> **What the task asks**
Only a slice of the listing below is wanted. Retype the lines from the one containing "thumbnail image 1" through the one containing "Structured & Spliced", exactly, both ends included.

> **Dataset entries**
'''

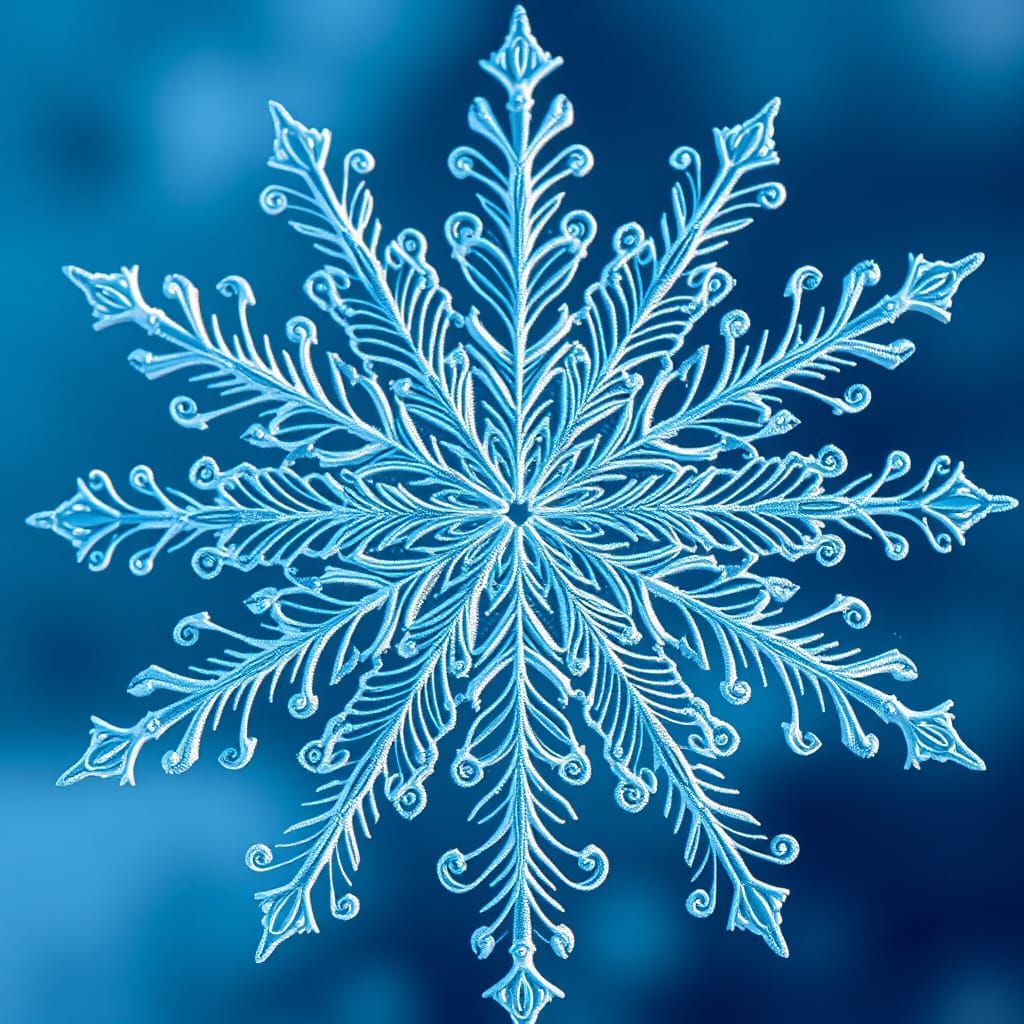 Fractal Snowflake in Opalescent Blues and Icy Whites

'''
'''

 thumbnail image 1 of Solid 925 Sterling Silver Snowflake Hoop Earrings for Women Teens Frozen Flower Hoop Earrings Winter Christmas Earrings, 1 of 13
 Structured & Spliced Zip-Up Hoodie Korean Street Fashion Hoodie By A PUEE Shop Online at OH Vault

'''

> **Written solution**
 thumbnail image 1 of Solid 925 Sterling Silver Snowflake Hoop Earrings for Women Teens Frozen Flower Hoop Earrings Winter Christmas Earrings, 1 of 13
 Structured & Spliced Zip-Up Hoodie Korean Street Fashion Hoodie By A PUEE Shop Online at OH Vault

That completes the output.